Jacob is also a product of serfdom, which turned the best moral qualities of the people: fidelity to duty, devotion, selflessness, honesty, diligence - into senseless servility.

Yakov remained devoted to his master, even when he lost his former strength, became decapitated. The landowner seemed to finally appreciate the devotion of the servant, began to call him "friend and brother"! The author invisibly stands behind the narrator, who is called upon to convince the listeners that brotherly relations between master and serf are impossible. Mr. Polivanov forbids his beloved nephew Yakov to marry Arisha, and his uncle's requests do not help. Seeing an opponent in Grisha, the master gives him up as a soldier. Perhaps for the first time, Yakov thought about something, but he managed to tell the master about his wine in only one way - he hung himself over him in the forest.

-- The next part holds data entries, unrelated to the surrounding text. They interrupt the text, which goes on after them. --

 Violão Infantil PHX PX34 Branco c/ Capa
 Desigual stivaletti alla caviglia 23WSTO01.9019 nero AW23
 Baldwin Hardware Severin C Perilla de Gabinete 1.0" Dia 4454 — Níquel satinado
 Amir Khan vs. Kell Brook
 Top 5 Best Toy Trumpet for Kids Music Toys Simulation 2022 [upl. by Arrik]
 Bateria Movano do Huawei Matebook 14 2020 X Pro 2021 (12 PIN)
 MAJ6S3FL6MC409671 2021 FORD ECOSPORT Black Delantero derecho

The theme of sin is vigorously discussed by the feasters. There are as many sinners as there are lucky ones. Here are the landlords, and the tavern-keepers, and the robbers, and the peasants. And the disputes, as in the beginning of the poem, end in a brawl until Iona Lyapushkin, who often visits the Vakhlat side, comes forward with his story.

The author dedicates a special chapter to wanderers and pilgrims who "do not reap, do not sow - feed" throughout Rus'. The narrator does not hide the fact that among them there are many deceivers, hypocrites and even criminals, but there are also true bearers of spirituality, the need for which is so great among the Russian people. She was not destroyed by overwork, nor long slavery, nor even a tavern. The author draws an unpretentious genre scene depicting a family at work in the evening, while the wanderer welcomed by her finishes the "truth of Athos". There is so much trusting attention, warm sympathy, intense fascination on the faces of old people, women, children, that the poet exclaims with tenderness, love and faith:

More Russian people

No limits set:

Before him is a wide path ...

In the mouth of God's pilgrim Jonah, ardently revered by the peasants, the narrator puts the legend "About two great sinners", which he heard in Solovki from Father Pitirim. It is very important for solving the problem of "sin" posed in the poem.

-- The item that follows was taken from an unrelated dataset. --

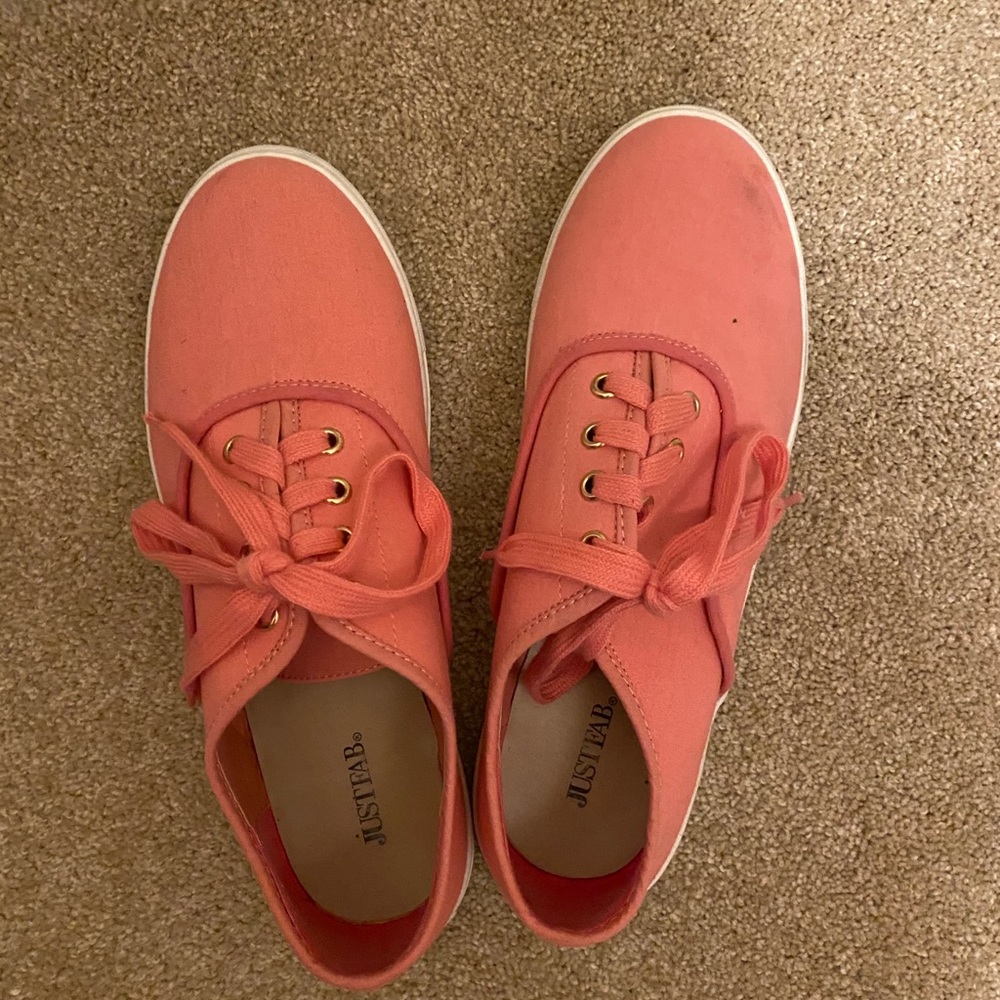 JustFab Salmon sneakers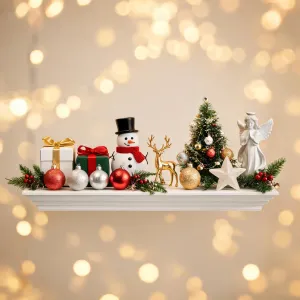 Gift lookbook holiday ornament shelf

The ataman of the gang of robbers Kudeyar, the murderer, who shed a lot of blood, suddenly repented. To atone for sins, the Lord commanded him to cut down a mighty oak tree with the knife with which he robbed.

Cuts tough wood

Singing glory to the Lord

Years go - moves on

Slowly business forward.

Pan Glukhovsky, the first in that direction, laughed at Kudeyar:

You have to live, old man, in my opinion:

How many slaves I destroy

I torture, I torture, and I hang,

And I would like to see how I sleep.

In a furious rage, the hermit kills Glukhovsky - and a miracle happens:

The tree collapsed, rolled down

From a monk the burden of sins! ..

The seven wanderers had already heard once about Savely, who had committed the sin of murder, and had the opportunity to distinguish the murder of the tormentor Vogel from the accidental death of the infant Demushka. Now they had to understand the difference in the sinfulness of the repentant robber Kudeyar and the convinced executioner and debaucher Glukhovsky, who tortured the peasants. Kudeyar, who executed Pan Glukhovsky, not only did not commit a sin, but was forgiven by God for past sins. This is a new level in the minds of happiness-seekers: they are aware of the possibility of violent actions against the militant executioners of the people - actions that are not opposed to the Christian worldview. "Great noble sin!" - this is the unanimous conclusion of the peasants. But unexpectedly, the sin of the nobility does not exhaust the question of the perpetrators of peasant suffering.

Ignatiy Prokhorov tells a folk ballad about the "widower ammiral" who released eight thousand souls into freedom after his death. The headman Gleb sold the “free” to the heir of the admiral.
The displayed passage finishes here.